*TASK REQUIREMENTS*
All entries below are to be duplicated verbatim.

══ DATA SUPPLIED

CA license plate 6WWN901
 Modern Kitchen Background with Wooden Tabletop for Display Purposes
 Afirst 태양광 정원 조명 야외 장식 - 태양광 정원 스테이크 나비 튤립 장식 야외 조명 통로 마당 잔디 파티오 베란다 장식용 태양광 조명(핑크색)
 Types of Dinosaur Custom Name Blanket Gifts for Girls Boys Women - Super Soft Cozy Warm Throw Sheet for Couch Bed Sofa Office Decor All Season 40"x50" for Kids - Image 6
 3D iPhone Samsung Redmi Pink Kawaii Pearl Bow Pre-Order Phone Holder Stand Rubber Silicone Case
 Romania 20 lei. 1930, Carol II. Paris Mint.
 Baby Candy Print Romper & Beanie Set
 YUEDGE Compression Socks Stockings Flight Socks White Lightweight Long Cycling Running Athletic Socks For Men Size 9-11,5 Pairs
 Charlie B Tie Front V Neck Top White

════

*COMPLETED TASK*
CA license plate 6WWN901
 Modern Kitchen Background with Wooden Tabletop for Display Purposes
 Afirst 태양광 정원 조명 야외 장식 - 태양광 정원 스테이크 나비 튤립 장식 야외 조명 통로 마당 잔디 파티오 베란다 장식용 태양광 조명(핑크색)
 Types of Dinosaur Custom Name Blanket Gifts for Girls Boys Women - Super Soft Cozy Warm Throw Sheet for Couch Bed Sofa Office Decor All Season 40"x50" for Kids - Image 6
 3D iPhone Samsung Redmi Pink Kawaii Pearl Bow Pre-Order Phone Holder Stand Rubber Silicone Case
 Romania 20 lei. 1930, Carol II. Paris Mint.
 Baby Candy Print Romper & Beanie Set
 YUEDGE Compression Socks Stockings Flight Socks White Lightweight Long Cycling Running Athletic Socks For Men Size 9-11,5 Pairs
 Charlie B Tie Front V Neck Top White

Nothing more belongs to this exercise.